▶ _What is needed_
Copy, exactly as written, the lines that begin at the one containing "Garten Outfit Der" and end at the one containing "Blood Moon Cycle: Book". Skip any pictures in the data below.
════════
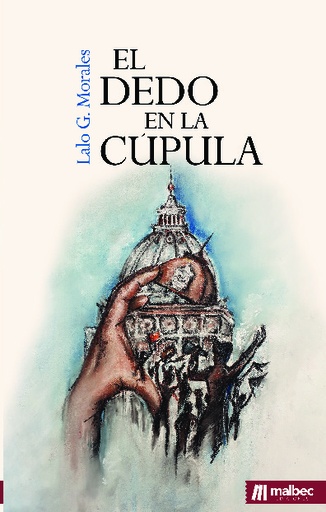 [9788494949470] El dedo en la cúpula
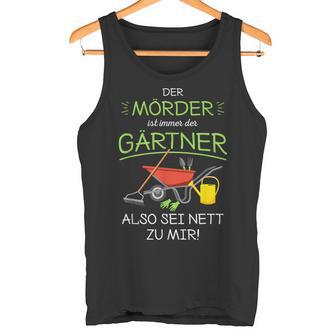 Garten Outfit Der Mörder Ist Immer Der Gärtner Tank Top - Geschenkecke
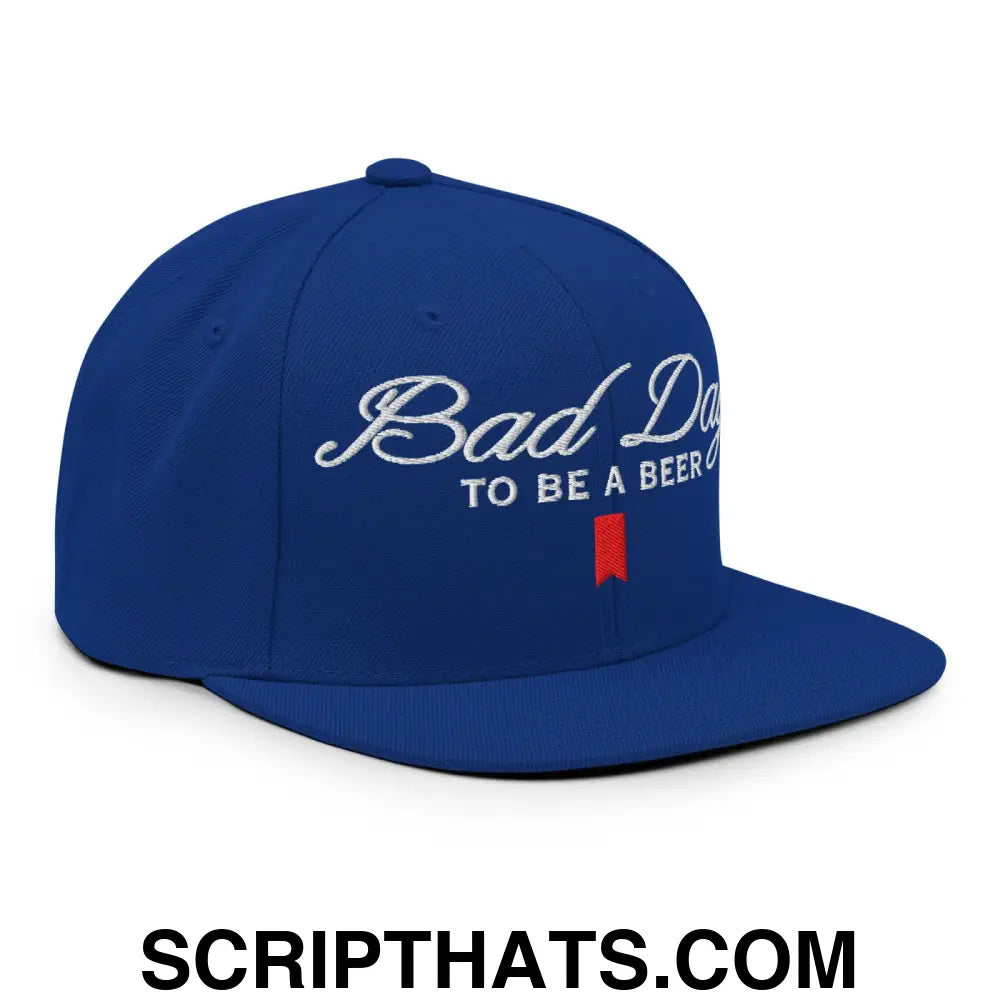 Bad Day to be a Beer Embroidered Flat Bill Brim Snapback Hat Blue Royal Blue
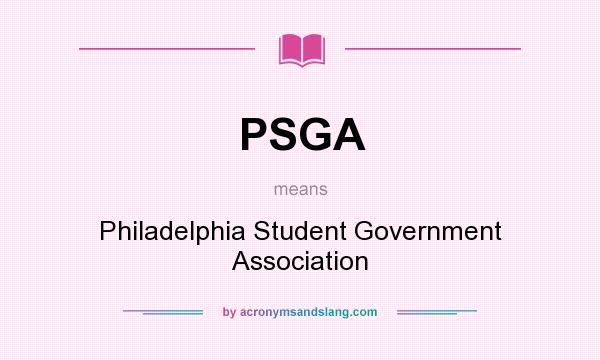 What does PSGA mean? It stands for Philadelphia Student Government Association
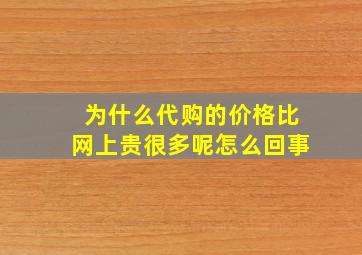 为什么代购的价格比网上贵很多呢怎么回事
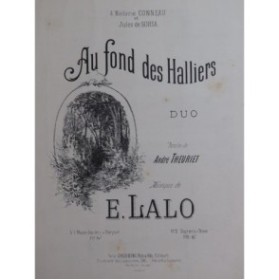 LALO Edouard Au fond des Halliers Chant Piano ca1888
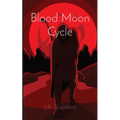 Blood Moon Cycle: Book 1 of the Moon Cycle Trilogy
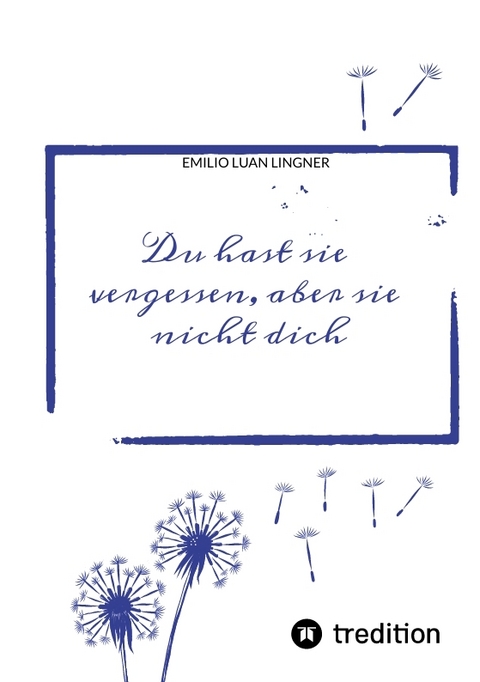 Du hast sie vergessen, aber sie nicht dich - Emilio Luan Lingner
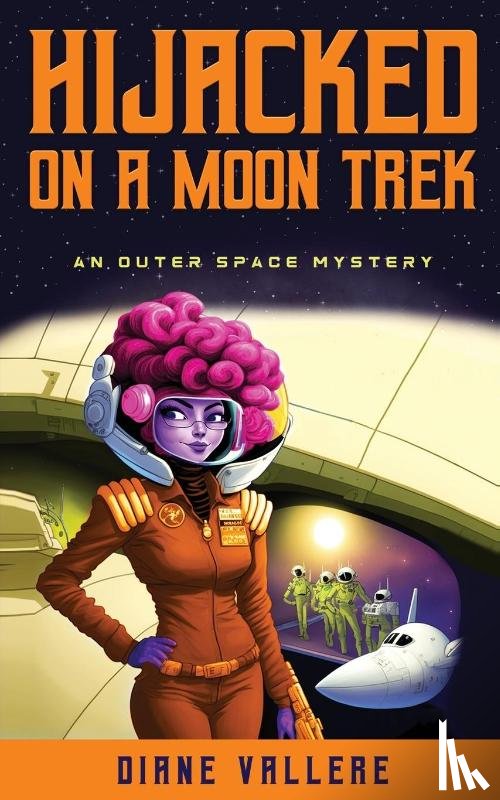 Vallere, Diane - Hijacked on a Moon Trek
════════
▶ _Problem solution_
 Garten Outfit Der Mörder Ist Immer Der Gärtner Tank Top - Geschenkecke
 Bad Day to be a Beer Embroidered Flat Bill Brim Snapback Hat Blue Royal Blue
 What does PSGA mean? It stands for Philadelphia Student Government Association
 为什么代购的价格比网上贵很多呢怎么回事
 LALO Edouard Au fond des Halliers Chant Piano ca1888
 Blood Moon Cycle: Book 1 of the Moon Cycle Trilogy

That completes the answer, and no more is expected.